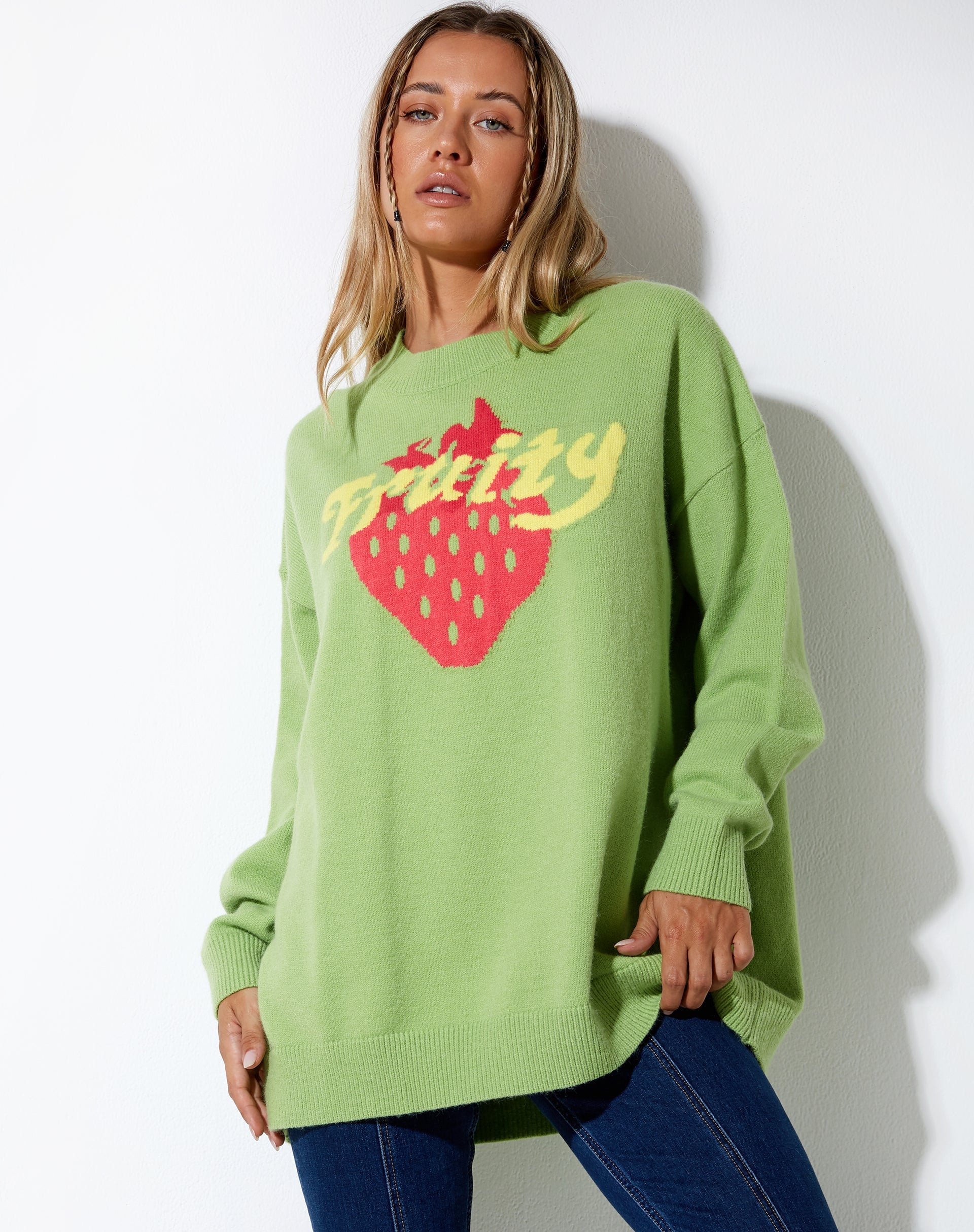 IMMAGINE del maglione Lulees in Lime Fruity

--

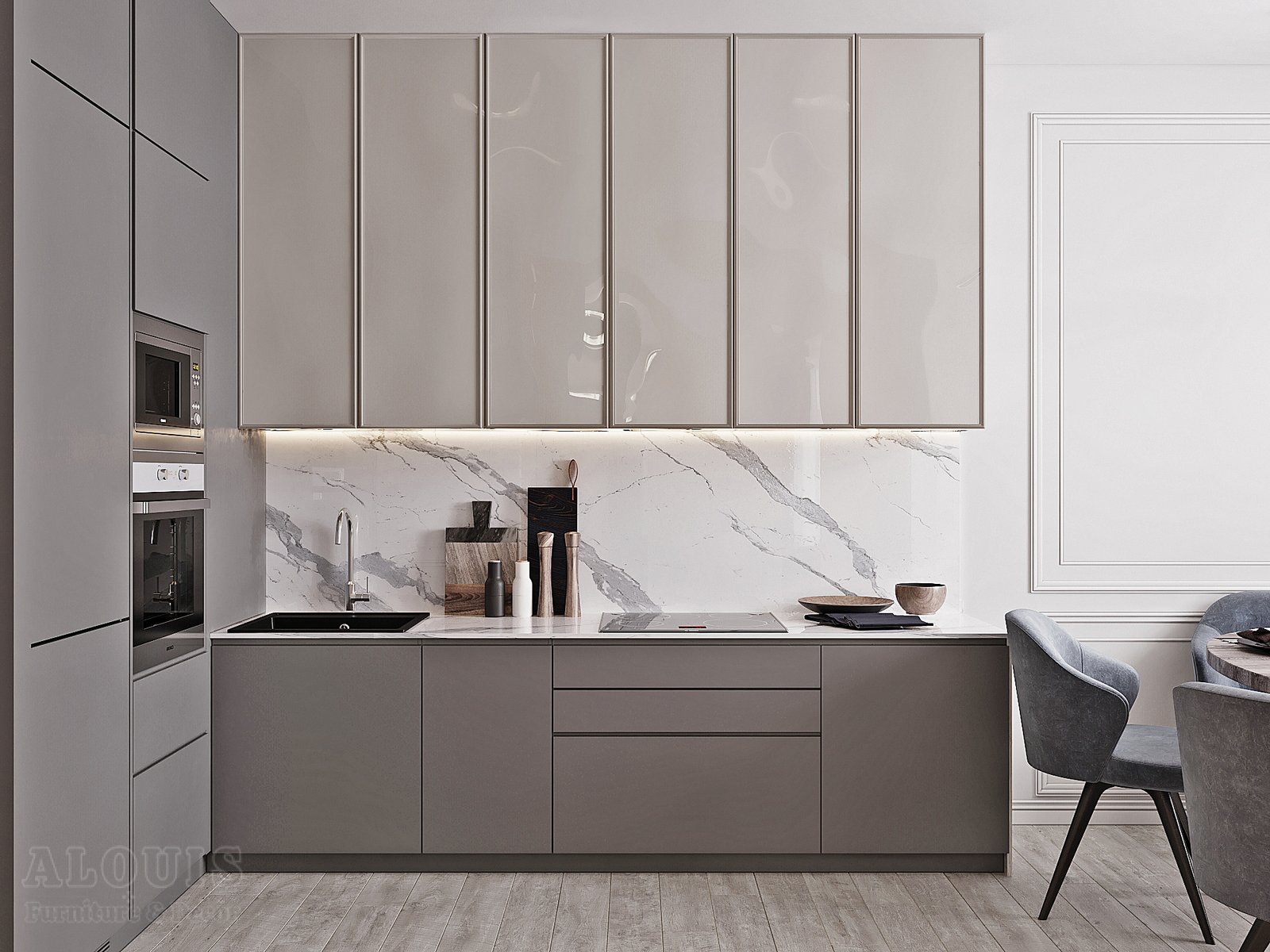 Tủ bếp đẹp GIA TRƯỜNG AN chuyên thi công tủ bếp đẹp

...

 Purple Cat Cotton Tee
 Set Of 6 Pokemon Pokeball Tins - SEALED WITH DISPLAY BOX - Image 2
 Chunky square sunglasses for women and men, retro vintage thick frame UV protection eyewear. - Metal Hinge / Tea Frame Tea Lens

◆ WHAT TO DO ◆
What are the lines above, starting at the one with "Purple Cat Cotton Tee" and ending at the one with "Chunky square sunglasses"? Give them again exactly, and only them.

◆ ANSWER TO THIS PROBLEM ◆
 Purple Cat Cotton Tee
 Set Of 6 Pokemon Pokeball Tins - SEALED WITH DISPLAY BOX - Image 2
 Chunky square sunglasses for women and men, retro vintage thick frame UV protection eyewear. - Metal Hinge / Tea Frame Tea Lens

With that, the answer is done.